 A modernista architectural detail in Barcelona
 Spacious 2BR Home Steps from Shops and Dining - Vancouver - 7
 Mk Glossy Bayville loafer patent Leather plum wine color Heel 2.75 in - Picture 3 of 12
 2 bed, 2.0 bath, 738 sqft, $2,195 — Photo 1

* * *

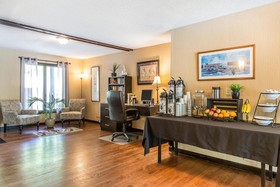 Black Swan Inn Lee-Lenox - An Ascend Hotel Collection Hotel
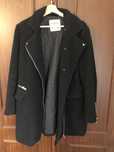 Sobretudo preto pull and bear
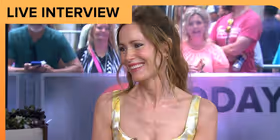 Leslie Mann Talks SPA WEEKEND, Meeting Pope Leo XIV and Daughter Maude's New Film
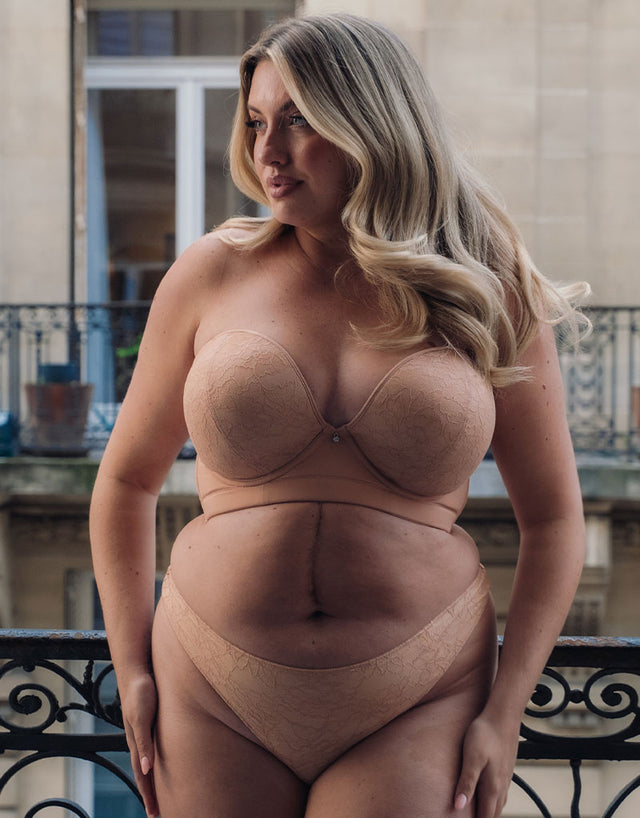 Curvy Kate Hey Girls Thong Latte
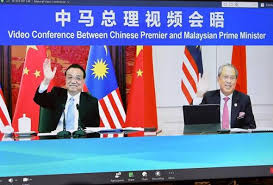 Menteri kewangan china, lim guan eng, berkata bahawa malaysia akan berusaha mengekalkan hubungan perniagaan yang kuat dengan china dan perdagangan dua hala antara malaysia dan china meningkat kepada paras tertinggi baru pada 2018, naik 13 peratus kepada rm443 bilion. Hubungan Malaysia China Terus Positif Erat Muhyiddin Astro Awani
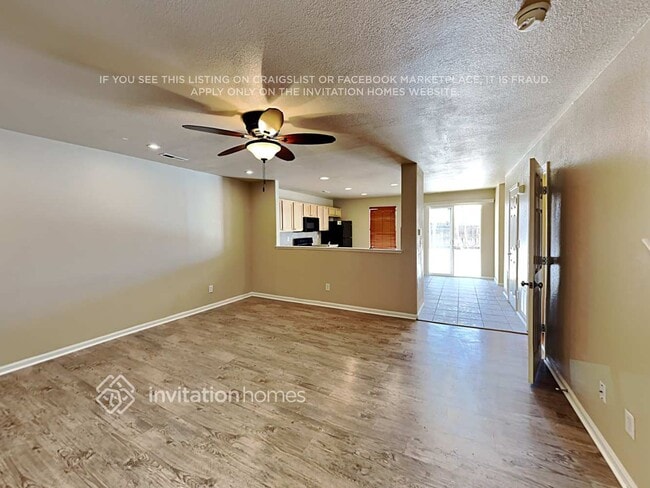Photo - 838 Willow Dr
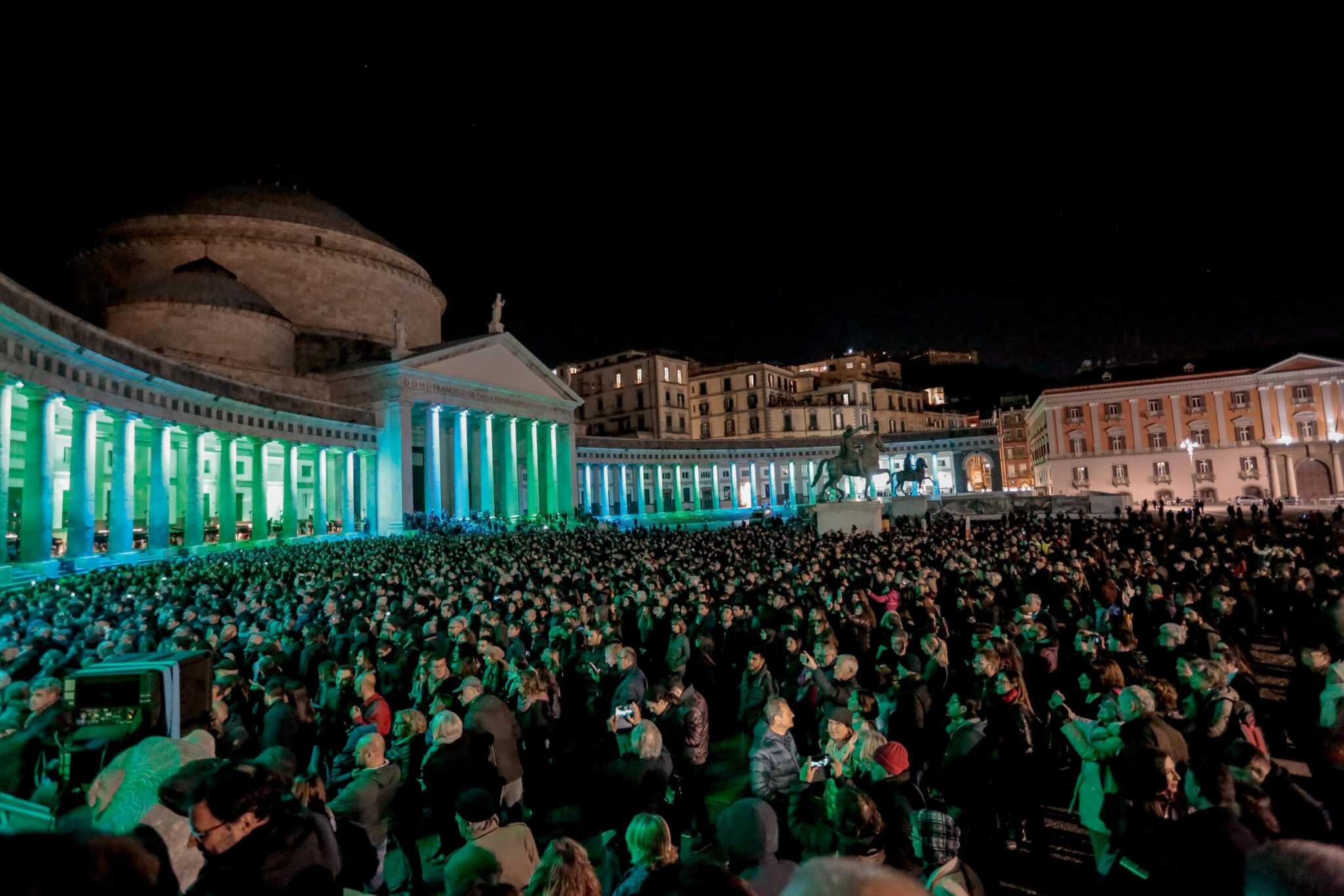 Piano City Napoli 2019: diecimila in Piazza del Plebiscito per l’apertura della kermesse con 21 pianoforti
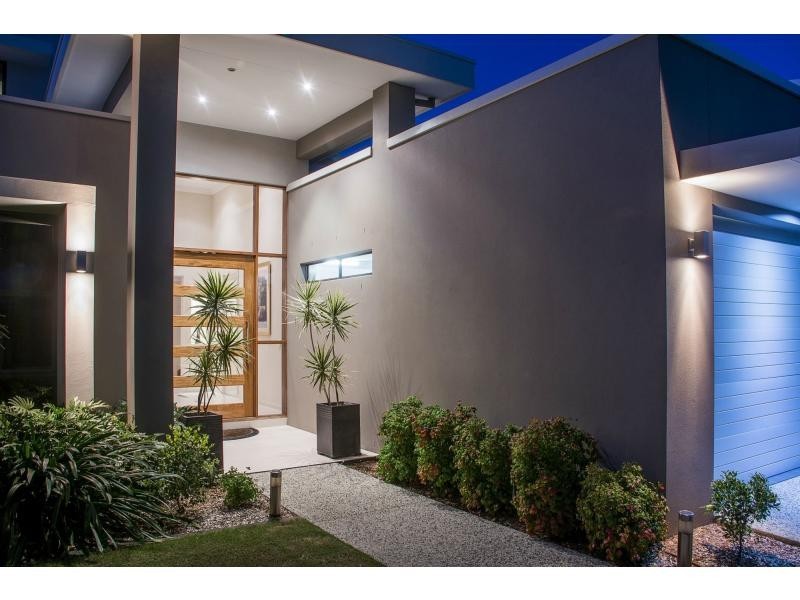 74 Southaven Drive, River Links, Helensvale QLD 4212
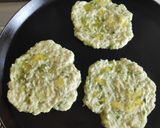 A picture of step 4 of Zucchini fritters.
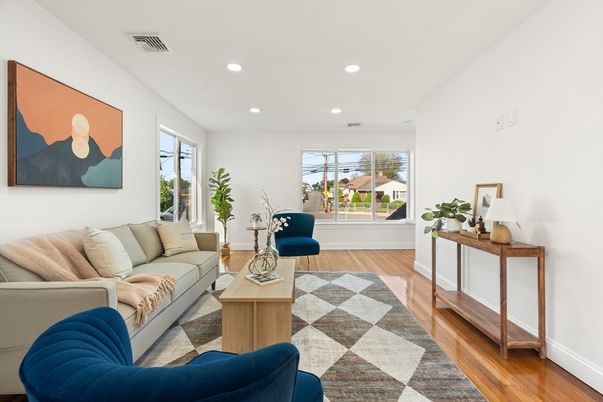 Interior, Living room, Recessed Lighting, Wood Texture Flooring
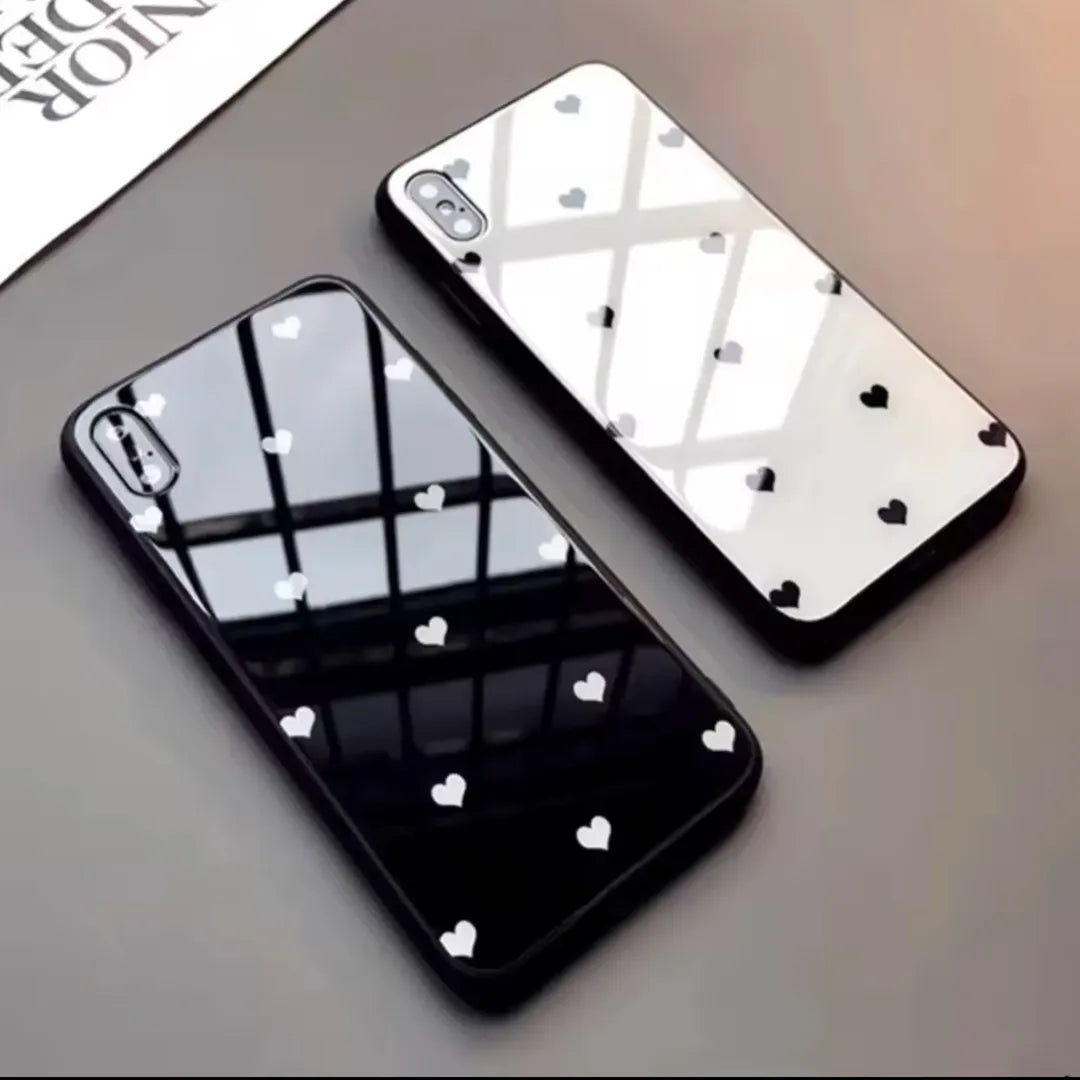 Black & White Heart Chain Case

### Required work:
Above are some records; copy exactly the lines from the one with "Mk Glossy Bayville" through the one with "2 bed, 2.0 bath, 738 sqft, $2,195 — Photo 1", both included, and no others.

### Result:
 Mk Glossy Bayville loafer patent Leather plum wine color Heel 2.75 in - Picture 3 of 12
 2 bed, 2.0 bath, 738 sqft, $2,195 — Photo 1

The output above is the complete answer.